Quote the records that follow in full and exactly; leave out the pictures.

[Start of Attachment]

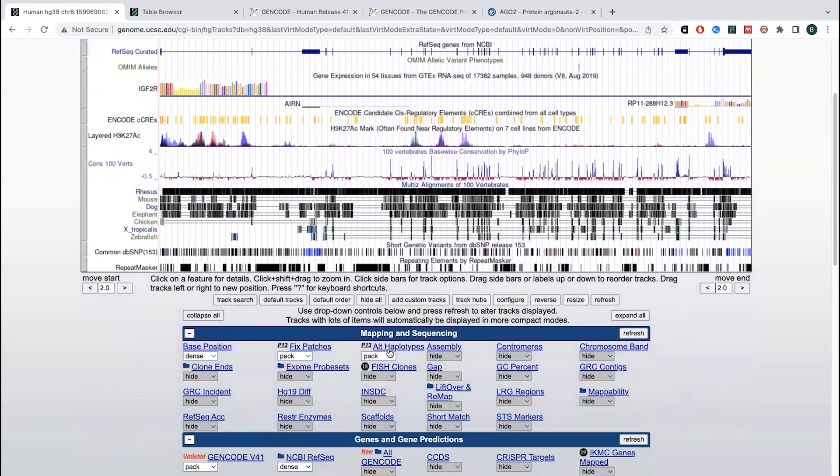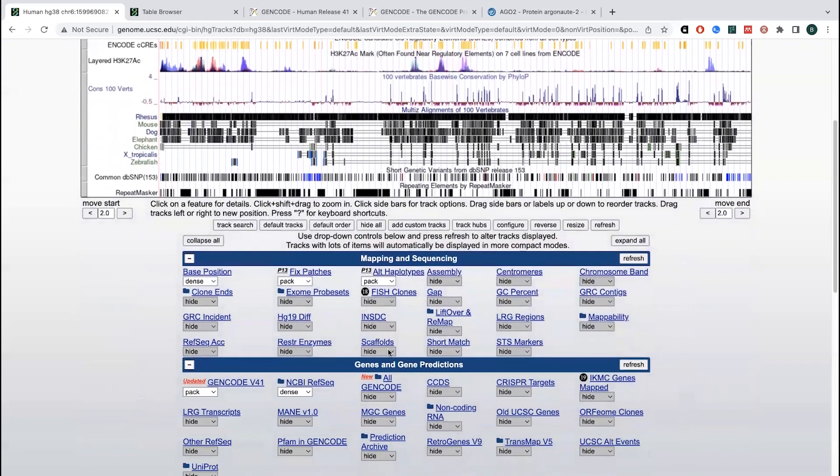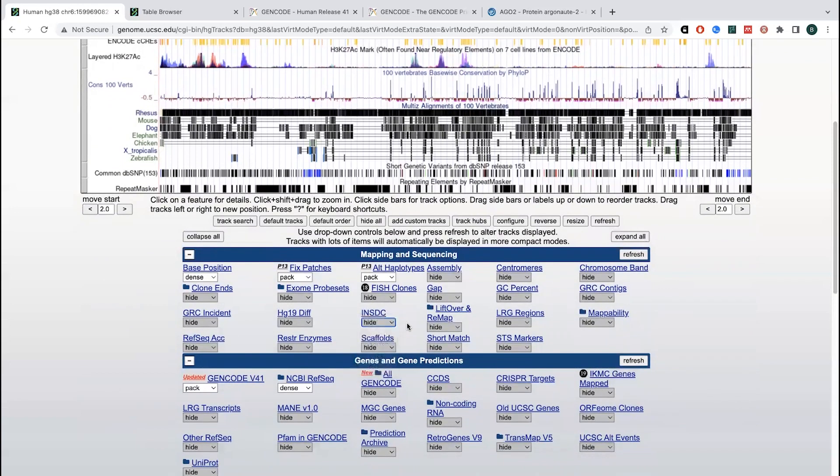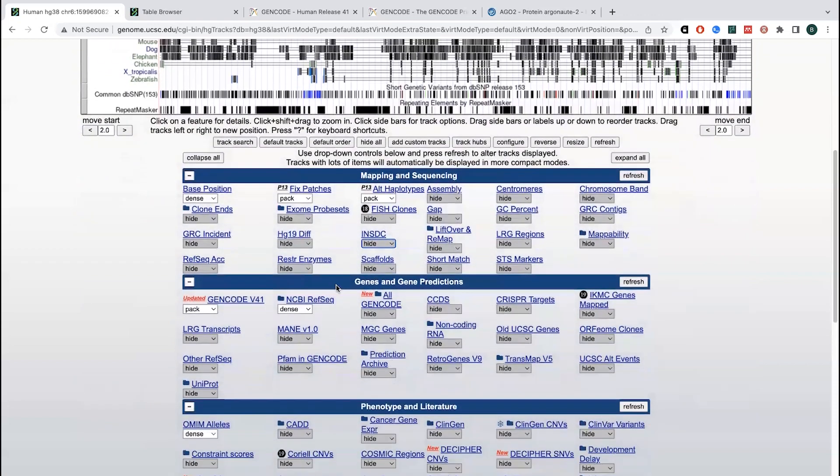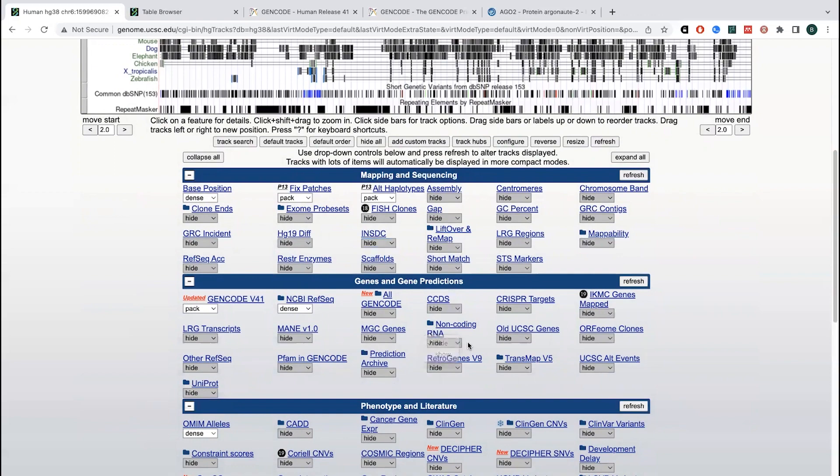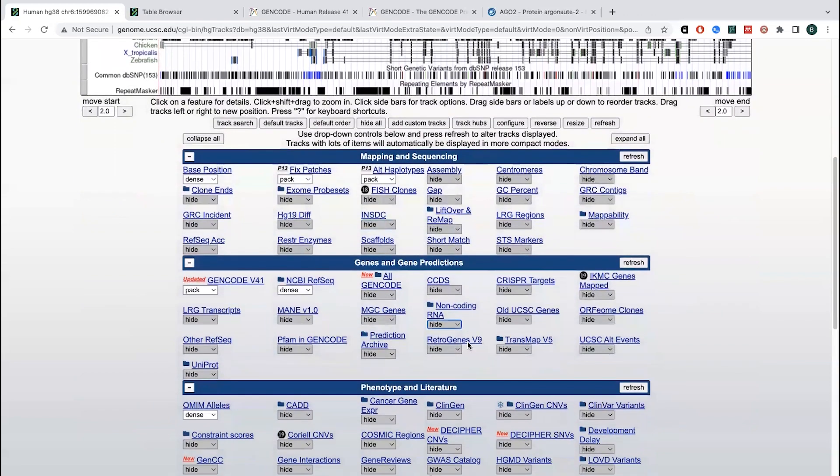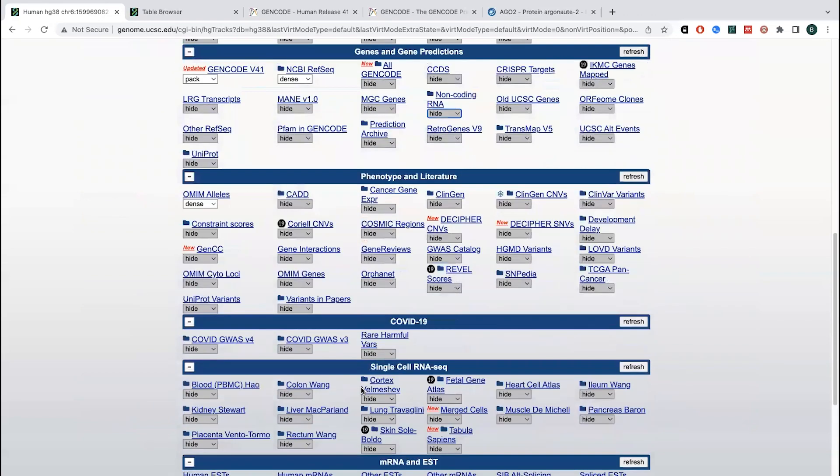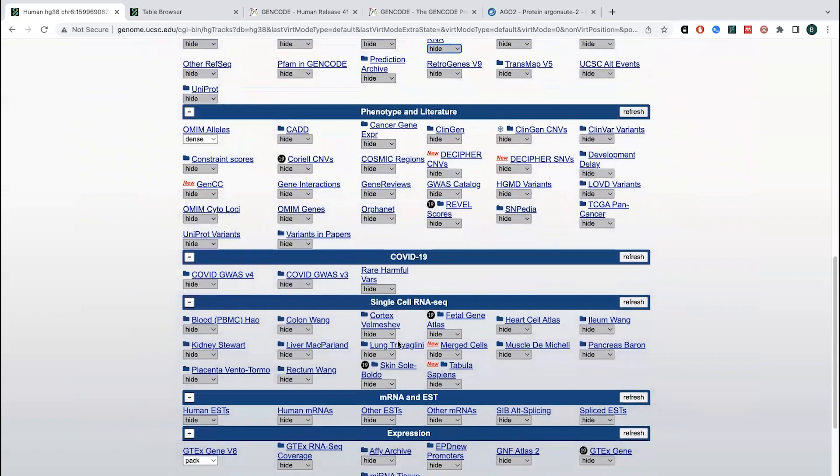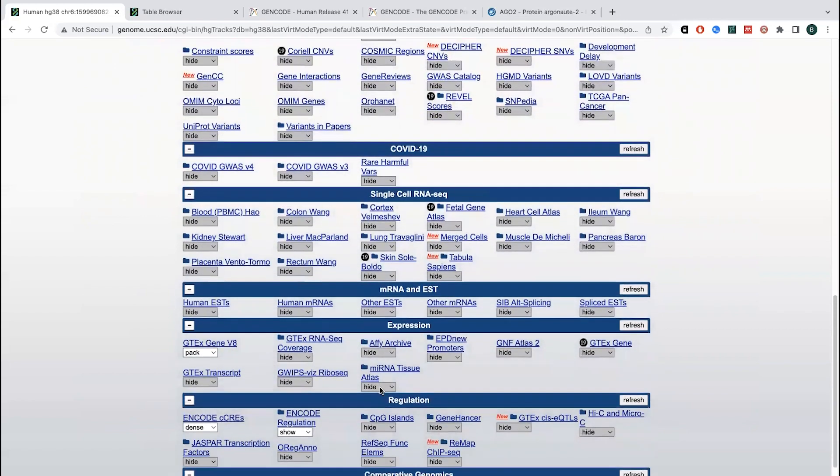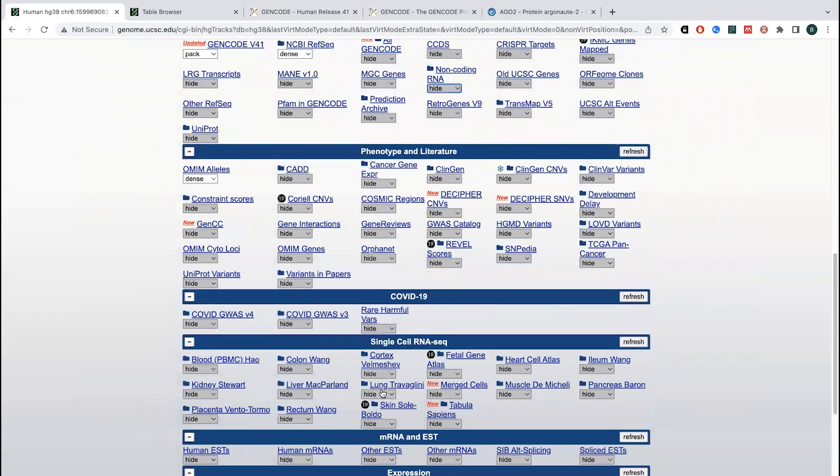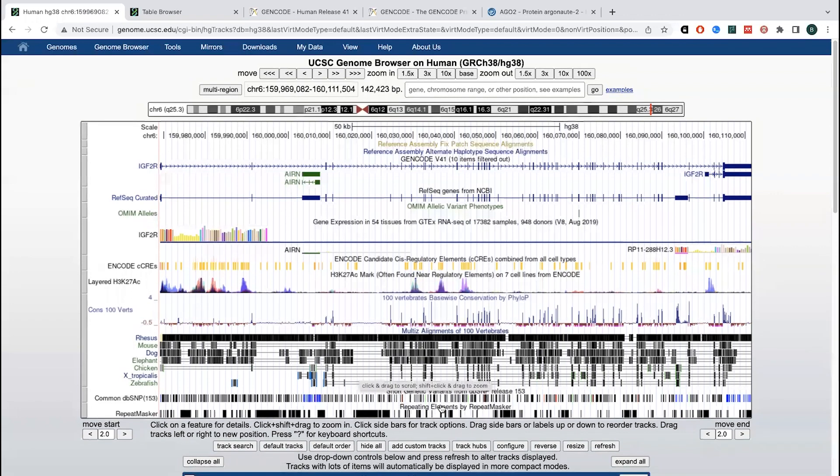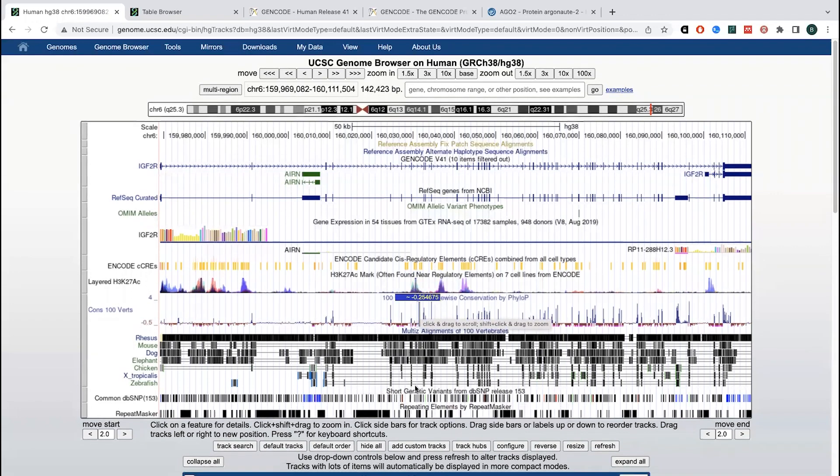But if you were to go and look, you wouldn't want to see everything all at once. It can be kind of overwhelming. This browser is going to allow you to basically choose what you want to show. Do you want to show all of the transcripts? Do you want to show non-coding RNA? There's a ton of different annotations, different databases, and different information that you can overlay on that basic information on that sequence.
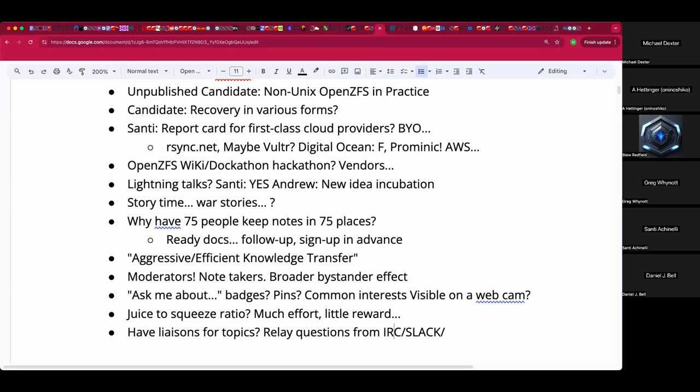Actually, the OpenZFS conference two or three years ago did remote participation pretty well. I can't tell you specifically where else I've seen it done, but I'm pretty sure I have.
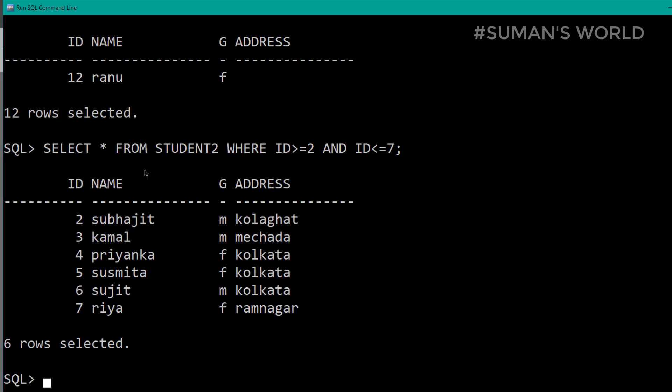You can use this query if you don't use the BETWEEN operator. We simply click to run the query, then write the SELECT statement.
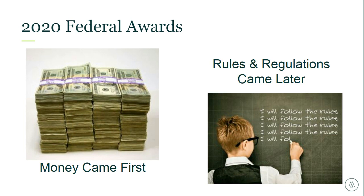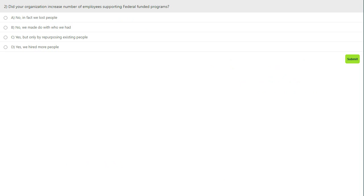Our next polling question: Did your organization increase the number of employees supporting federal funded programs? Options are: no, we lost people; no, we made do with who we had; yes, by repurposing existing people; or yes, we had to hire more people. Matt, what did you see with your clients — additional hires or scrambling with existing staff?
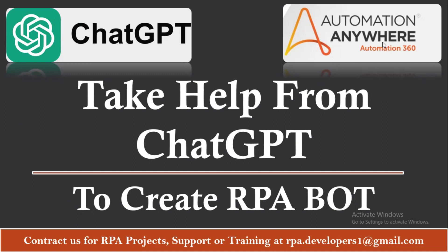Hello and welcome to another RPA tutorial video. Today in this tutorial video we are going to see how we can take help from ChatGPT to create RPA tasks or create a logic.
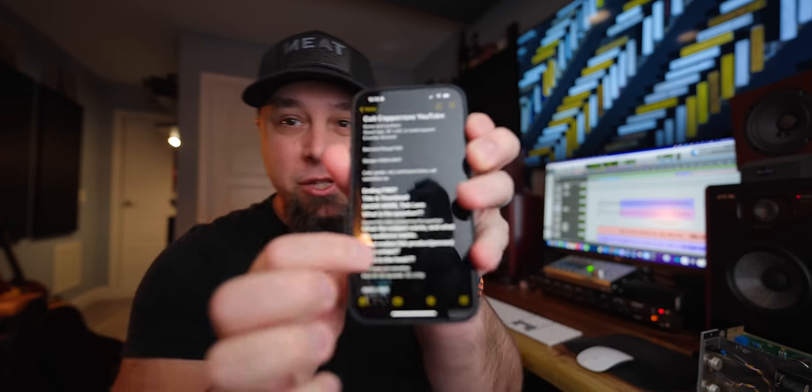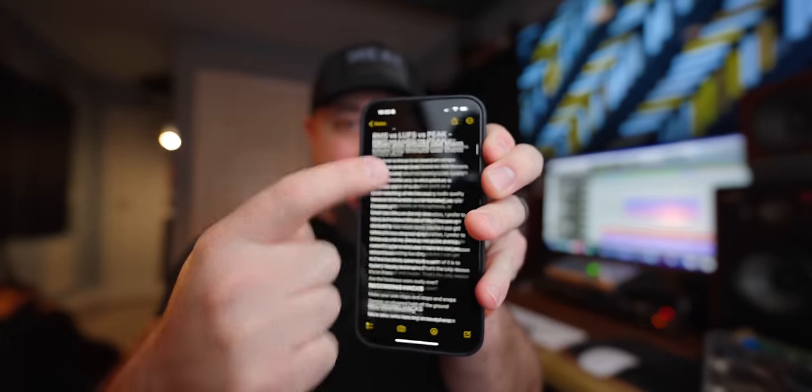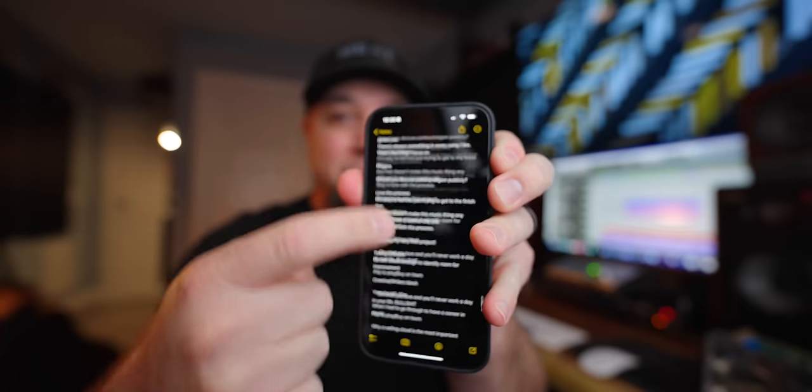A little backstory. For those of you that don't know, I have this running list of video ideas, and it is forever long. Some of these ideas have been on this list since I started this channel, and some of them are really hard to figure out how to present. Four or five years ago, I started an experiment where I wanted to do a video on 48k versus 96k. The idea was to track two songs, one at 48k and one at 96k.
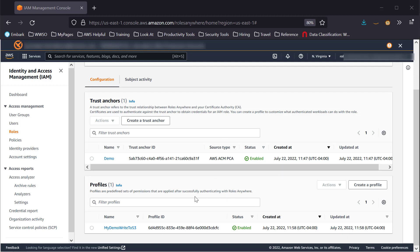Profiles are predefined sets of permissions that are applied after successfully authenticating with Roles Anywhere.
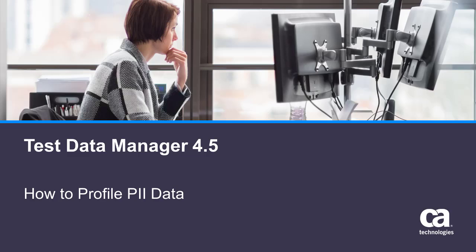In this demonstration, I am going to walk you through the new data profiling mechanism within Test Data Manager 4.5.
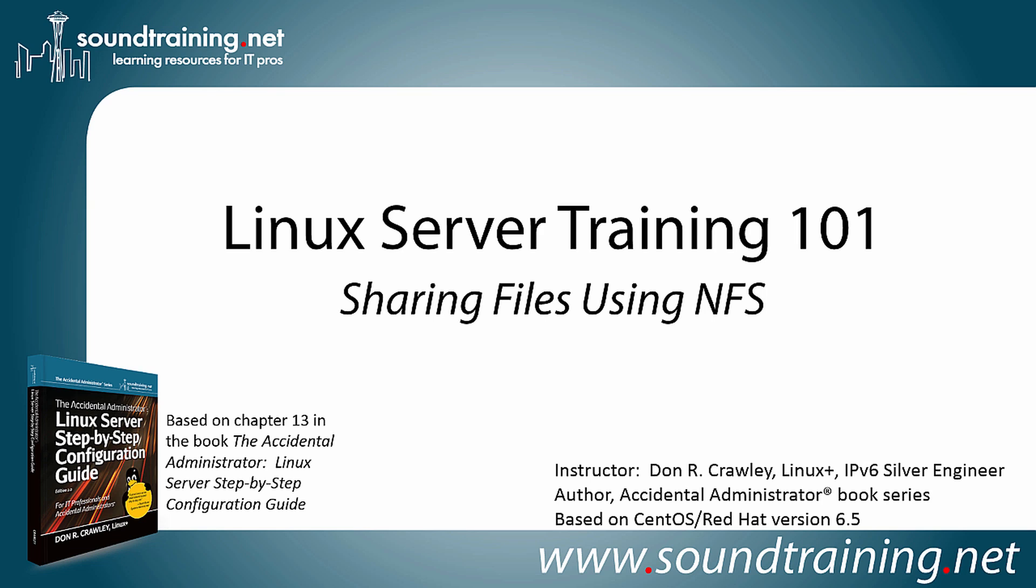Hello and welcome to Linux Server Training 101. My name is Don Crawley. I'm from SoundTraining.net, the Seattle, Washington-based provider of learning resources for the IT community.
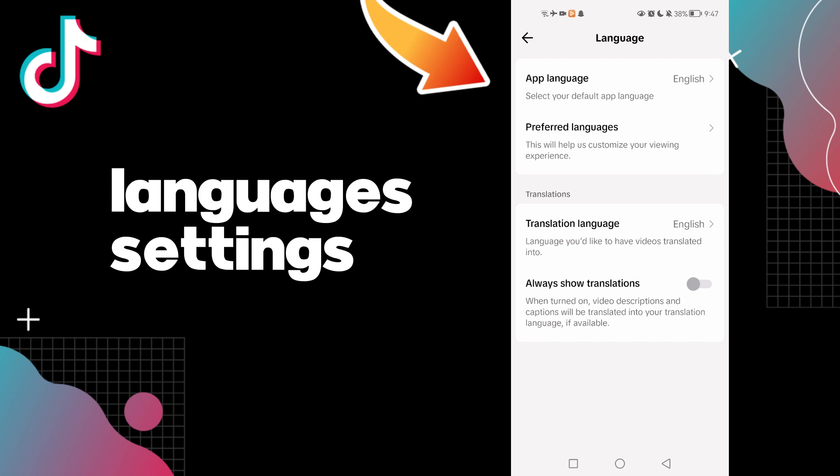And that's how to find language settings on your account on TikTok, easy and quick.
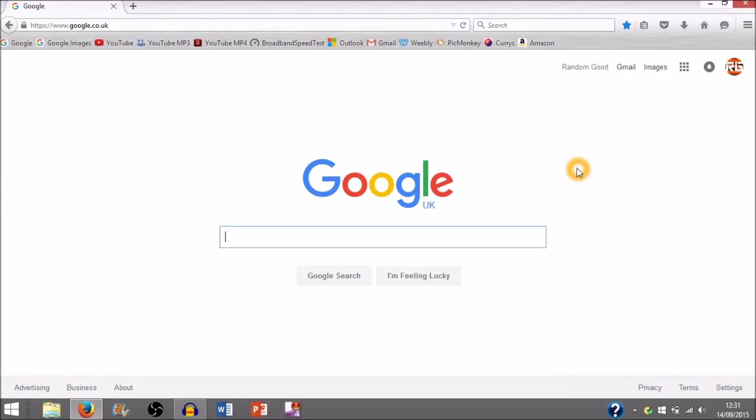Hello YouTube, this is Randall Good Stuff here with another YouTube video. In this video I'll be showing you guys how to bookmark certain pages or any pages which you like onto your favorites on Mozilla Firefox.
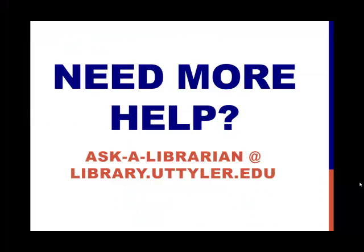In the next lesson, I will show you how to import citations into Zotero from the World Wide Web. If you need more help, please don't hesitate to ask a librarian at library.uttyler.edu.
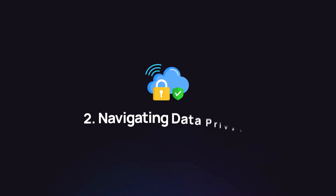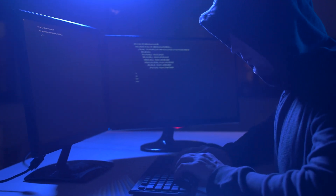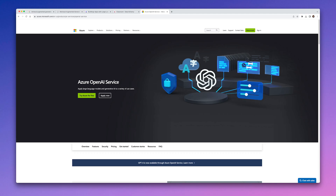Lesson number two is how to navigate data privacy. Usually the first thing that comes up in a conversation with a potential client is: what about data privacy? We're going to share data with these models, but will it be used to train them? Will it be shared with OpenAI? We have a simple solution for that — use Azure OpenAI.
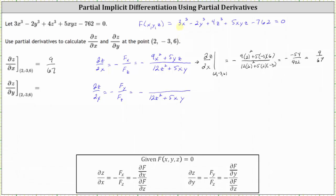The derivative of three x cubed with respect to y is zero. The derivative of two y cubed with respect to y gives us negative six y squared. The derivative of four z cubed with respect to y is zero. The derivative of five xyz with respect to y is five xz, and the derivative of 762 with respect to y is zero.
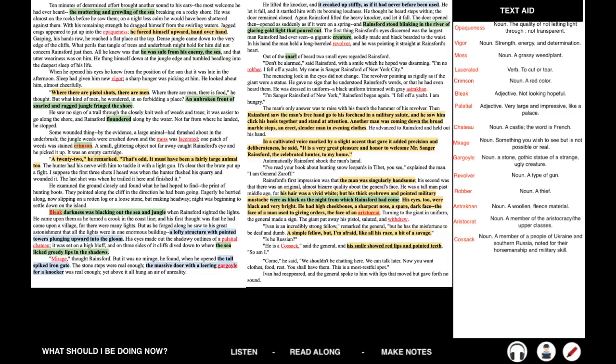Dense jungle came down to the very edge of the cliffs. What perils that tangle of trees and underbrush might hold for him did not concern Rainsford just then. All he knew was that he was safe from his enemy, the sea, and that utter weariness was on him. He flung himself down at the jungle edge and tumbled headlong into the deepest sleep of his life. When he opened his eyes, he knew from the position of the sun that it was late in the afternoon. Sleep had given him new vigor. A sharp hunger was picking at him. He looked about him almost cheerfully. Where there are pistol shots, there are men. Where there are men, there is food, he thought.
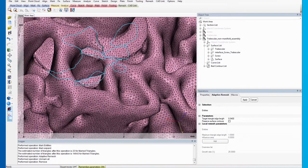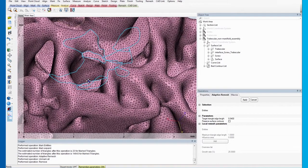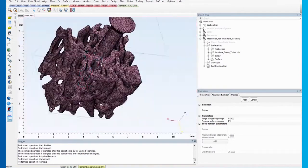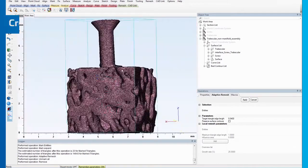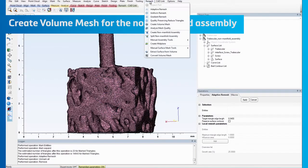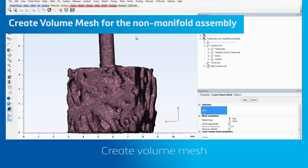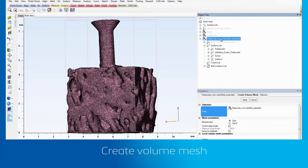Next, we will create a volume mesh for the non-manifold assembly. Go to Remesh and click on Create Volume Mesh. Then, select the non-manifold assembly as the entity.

[End of Attachment]

> _Response for this exercise_
But if you were to go and look, you wouldn't want to see everything all at once. It can be kind of overwhelming. This browser is going to allow you to basically choose what you want to show. Do you want to show all of the transcripts? Do you want to show non-coding RNA? There's a ton of different annotations, different databases, and different information that you can overlay on that basic information on that sequence.
Actually, the OpenZFS conference two or three years ago did remote participation pretty well. I can't tell you specifically where else I've seen it done, but I'm pretty sure I have.
You can use this query if you don't use the BETWEEN operator. We simply click to run the query, then write the SELECT statement.
Our next polling question: Did your organization increase the number of employees supporting federal funded programs? Options are: no, we lost people; no, we made do with who we had; yes, by repurposing existing people; or yes, we had to hire more people. Matt, what did you see with your clients — additional hires or scrambling with existing staff?
Hello and welcome to another RPA tutorial video. Today in this tutorial video we are going to see how we can take help from ChatGPT to create RPA tasks or create a logic.
A little backstory. For those of you that don't know, I have this running list of video ideas, and it is forever long. Some of these ideas have been on this list since I started this channel, and some of them are really hard to figure out how to present. Four or five years ago, I started an experiment where I wanted to do a video on 48k versus 96k. The idea was to track two songs, one at 48k and one at 96k.
Profiles are predefined sets of permissions that are applied after successfully authenticating with Roles Anywhere.
In this demonstration, I am going to walk you through the new data profiling mechanism within Test Data Manager 4.5.
Hello and welcome to Linux Server Training 101. My name is Don Crawley. I'm from SoundTraining.net, the Seattle, Washington-based provider of learning resources for the IT community.
And that's how to find language settings on your account on TikTok, easy and quick.
Hello YouTube, this is Randall Good Stuff here with another YouTube video. In this video I'll be showing you guys how to bookmark certain pages or any pages which you like onto your favorites on Mozilla Firefox.
In the next lesson, I will show you how to import citations into Zotero from the World Wide Web. If you need more help, please don't hesitate to ask a librarian at library.uttyler.edu.
Lesson number two is how to navigate data privacy. Usually the first thing that comes up in a conversation with a potential client is: what about data privacy? We're going to share data with these models, but will it be used to train them? Will it be shared with OpenAI? We have a simple solution for that — use Azure OpenAI.
The derivative of three x cubed with respect to y is zero. The derivative of two y cubed with respect to y gives us negative six y squared. The derivative of four z cubed with respect to y is zero. The derivative of five xyz with respect to y is five xz, and the derivative of 762 with respect to y is zero.
Dense jungle came down to the very edge of the cliffs. What perils that tangle of trees and underbrush might hold for him did not concern Rainsford just then. All he knew was that he was safe from his enemy, the sea, and that utter weariness was on him. He flung himself down at the jungle edge and tumbled headlong into the deepest sleep of his life. When he opened his eyes, he knew from the position of the sun that it was late in the afternoon. Sleep had given him new vigor. A sharp hunger was picking at him. He looked about him almost cheerfully. Where there are pistol shots, there are men. Where there are men, there is food, he thought.
Next, we will create a volume mesh for the non-manifold assembly. Go to Remesh and click on Create Volume Mesh. Then, select the non-manifold assembly as the entity.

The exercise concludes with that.